Old-School Italian-American Catania Bakery Isn’t Going Anywhere Under New Owner

The last vestige of DC's Little Italy changed hands after its longtime owner died earlier this year.

Catania Bakery is closed to the public every day but Saturday. Photograph by Ted Eytan/Flickr.

Catania Bakery. 1404 North Capitol St., NW.

Catania Bakery has been an incongruous sight for decades now, a relic from the (very) Little Italy that thrived before World War II on North Capitol Street between New York and Florida avenues. But every Saturday morning, the rundown storefront—which operates a wholesale business during the week—comes alive with the smell of baking bread and a line of customers. 

Catania has been baking continuously since 1932. But this year has been one of transition for  little Italian-American institution. Nicole Tramonte, who’d owned it for more than 40 years, died in February.
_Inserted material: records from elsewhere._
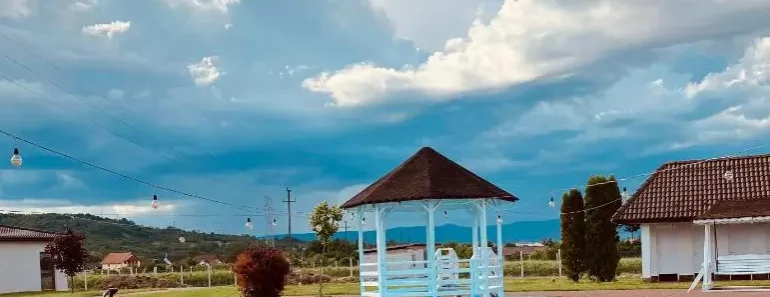 Dacă treci prin Hunedoara, nu rata Complex Daniel’s din Orăștie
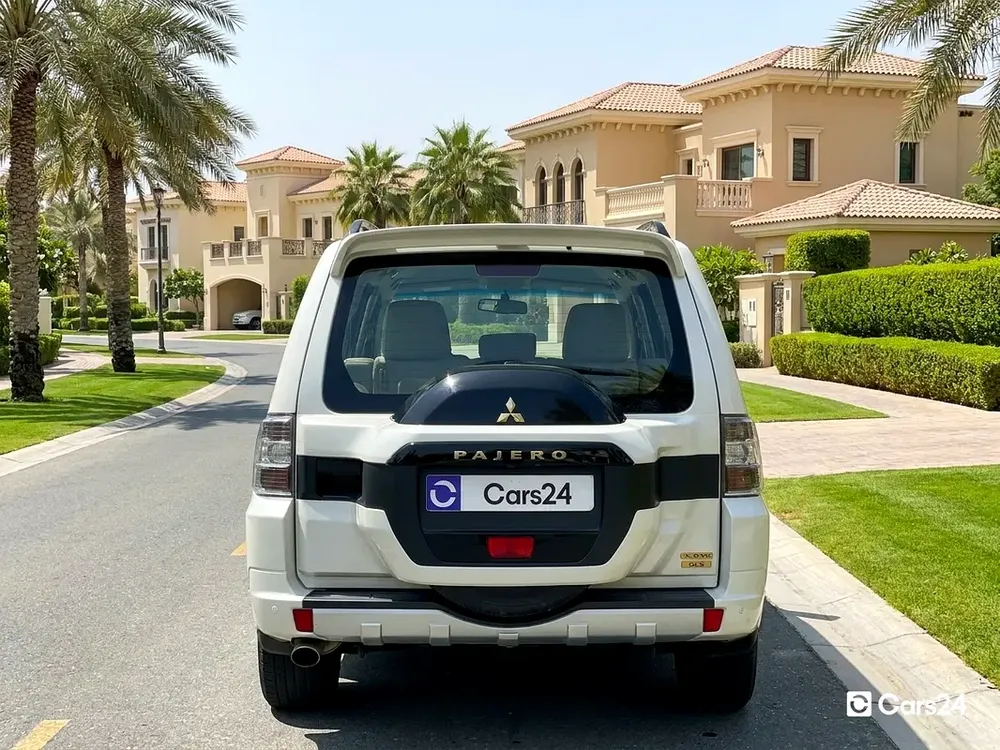 AED 1,034/m | 0 DP | Free 3 Months Warranty | Service History | 30D Return | MITSUBISHI PAJERO 2020 - Image 4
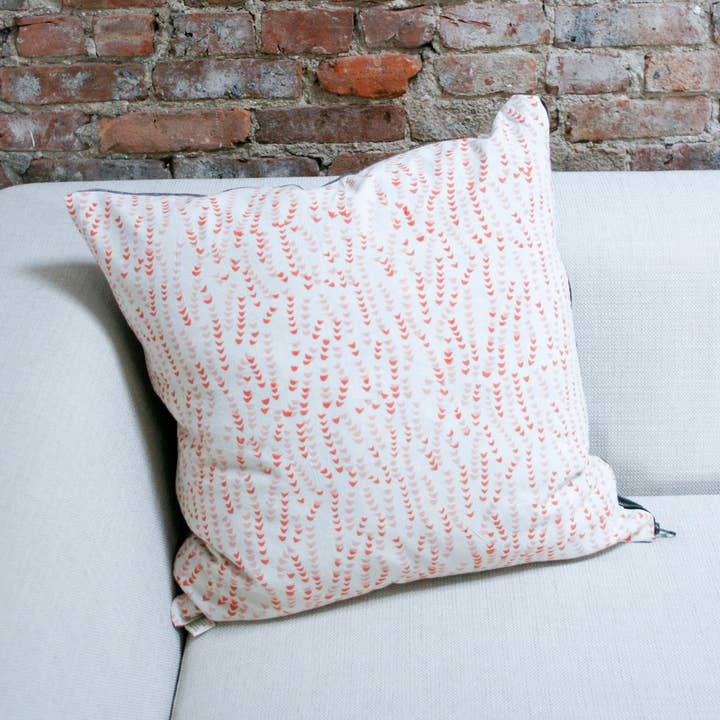 Almohada de algodón, 22 x 22 x 22 cm, color naranja y rosa para venta al por mayor de Rustic Loom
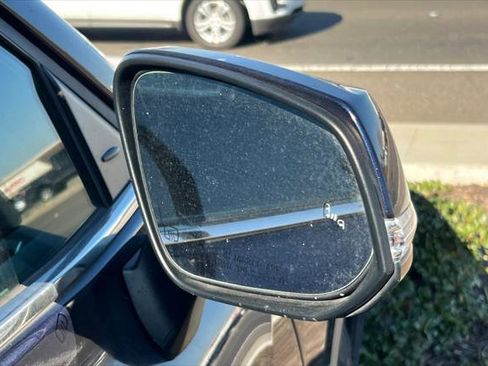 Certified 2022 Toyota Highlander XLE image 13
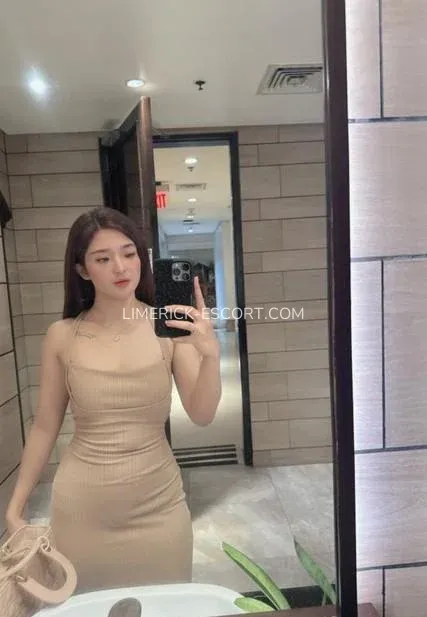 Limerick escorts Brooklyn — 8
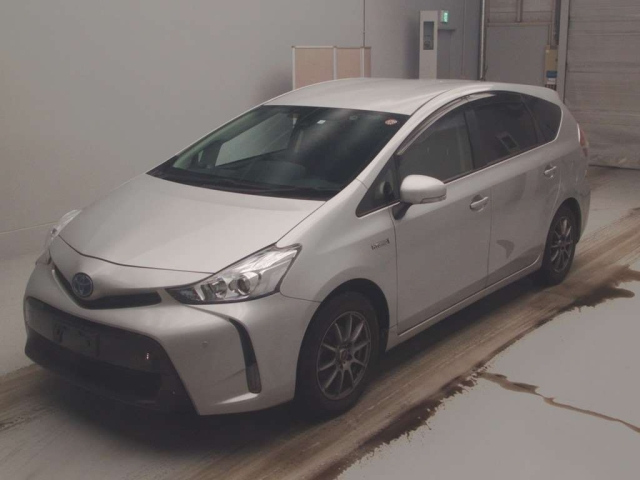 TOYOTA PRIUS ALPHA 2018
She had willed the bakery to her nephew Jim Craig and his wife Carolyn, but Jim passed away about a month later, leaving Carolyn Craig as the heir apparent. 

Craig says she’s up for the task: she has been baking loaves and cookies at Catania since 1985, shortly after her husband’s aunt bought the place from the Caruso family, its Sicilian founders. 

Four decades in, Craig still reports to work six nights a week at 11:30 PM and goes home at 5 AM— the demanding hours of a baker. “It’s all on me,” she says. 

So far, Catania has always resisted change, even as the surrounding neighborhoods of NoMa and Bloomingdale have transformed. Tramonte owned several other buildings on the block, and they’ve been inherited by her kids. Catania’s building, a wide brick structure painted white and green, is still owned by the Caruso family, who first bought it when they moved from Connecticut in 1932 and once lived upstairs there. 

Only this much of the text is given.